What OpenAI Is Introducing
OpenAI’s new shopping research feature in ChatGPT turns the model into a product researcher aimed at more complex purchase decisions, not just quick fact checks. Instead of skimming multiple tabs, users describe what they need (“a quiet cordless vacuum for a small apartment” or “a gift for a four-year-old who loves art”), and ChatGPT responds with a structured buyer’s guide, comparisons, and trade-offs.
The feature is rolling out on web and mobile for logged-in Free, Go, Plus, and Pro users, with “nearly unlimited” usage during the holiday period. It sits alongside standard ChatGPT responses rather than replacing them: simple questions still get simple answers; shopping research is reserved for higher-intent, higher-complexity queries.
How the Experience Works
When ChatGPT detects shopping intent or when a user explicitly launches shopping research, the system shifts into a guided flow. It asks clarifying questions about budget, size, brand preferences, and what matters most (performance, comfort, style, price, and so on).
Behind the scenes, ChatGPT runs a multi-step web search, pulling structured data (price, specs, reviews) and other third-party content, then synthesizes it into a ranked set of options. The output is positioned as a buyer’s guide rather than a simple product list:
- Key options with summaries
- Clear trade-offs and constraints
- Links out to retailers for more detail or purchase
This workflow is particularly tuned for detail-heavy categories such as electronics, beauty, home and garden, kitchen, and sports/outdoor.
Personalization, Memory, and Trust
OpenAI is explicit that shopping research uses ChatGPT memory—if enabled—to refine recommendations. For example, if a user has previously said they are a gamer, that can influence laptop suggestions; if they mentioned disliking clowns, the model may omit clown-themed dog costumes.
From a governance perspective, three points stand out:
- Product selection is not ad-driven. OpenAI states that results are selected independently and are not paid placements or influenced by commercial partnerships.
- Data minimization is a stated goal. When this experience connects to Instant Checkout and the broader Agentic Commerce Protocol, only the data needed to complete a purchase is shared with merchants, with user permission.
- User control remains central. Users confirm steps, can adjust preferences mid-flow, and can turn memory off if they prefer a less personalized experience.
Of course, “the model sometimes makes mistakes” is still part of the fine print, so treating results as recommendations rather than directives is prudent.
Implications for Retailers and Brands
For retailers, this is part of a broader shift from search-driven discovery to conversation-driven decision support. ChatGPT is no longer just summarizing product pages; it is mediating the decision itself, especially in categories with complex specs and trade-offs.
Recent launches like Instant Checkout and the Agentic Commerce Protocol point toward end-to-end commerce inside the chat interface: from research to transaction, with Stripe and platforms like Shopify and Etsy already integrated.
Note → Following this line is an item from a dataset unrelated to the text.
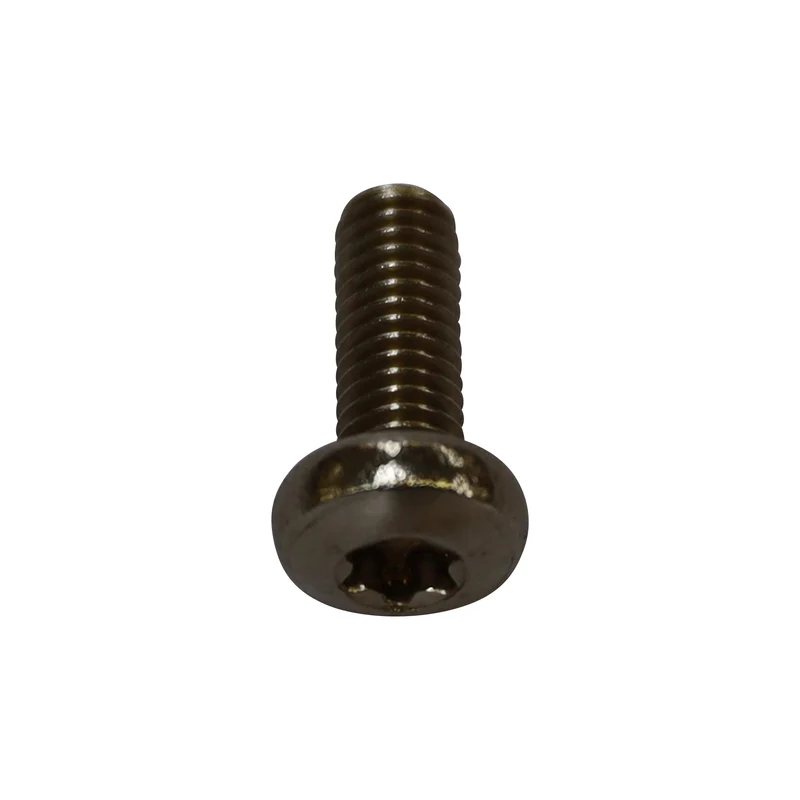 Vis à tête bombée Torx inox V2A ISO14583 M6 x 16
Shopping research is the “what should I buy?” layer that feeds that pipeline.
For brands, this raises a few operational questions:
- How well do your product feeds and onsite content expose structured attributes and real differentiators?
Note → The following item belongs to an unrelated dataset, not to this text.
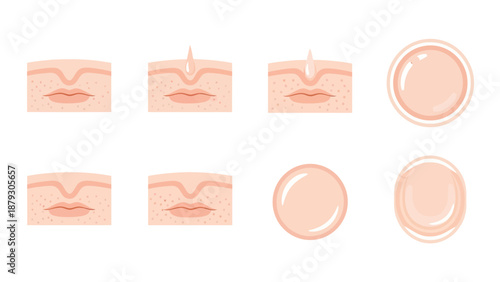 Skin Aging Wrinkles and Cream Icons Vector Illustration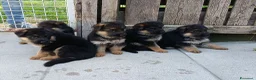 Pastore Tedesco cani in vendita: cuccioli pastore tedesco - Annuncio 5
- Are your ratings, reviews, and spec sheets clear enough for an AI to interpret and compare?
- Do you understand how your assortment looks when filtered through trade-off language (quiet vs. powerful, durable vs. lightweight, premium vs. value)?
The brands that benefit first will be those with clean data, clear positioning, and consistent experiences post-click.
Questions to Watch
Objectively, this launch is less about a flashy front-end and more about a shift in who does the comparison work: the user, or the assistant. It creates obvious convenience for consumers and a new distribution surface for merchants, but several open questions remain:
- How will OpenAI maintain the line between neutral curation and commercial influence as more retail partnerships emerge?
- What transparency will users get about why specific products appear—or do not appear—in a given guide?
- How will attribution and measurement evolve when “upper funnel research” happens mostly inside an AI interface?
For now, ChatGPT shopping research is best viewed as an early example of AI-mediated commerce: useful, promising, and still very much in its experimental phase. The homework for brands is clear enough—clean data, clear value propositions, and a willingness to test how their assortment performs when the comparison shopper is an AI instead of a browser with 15 open tabs.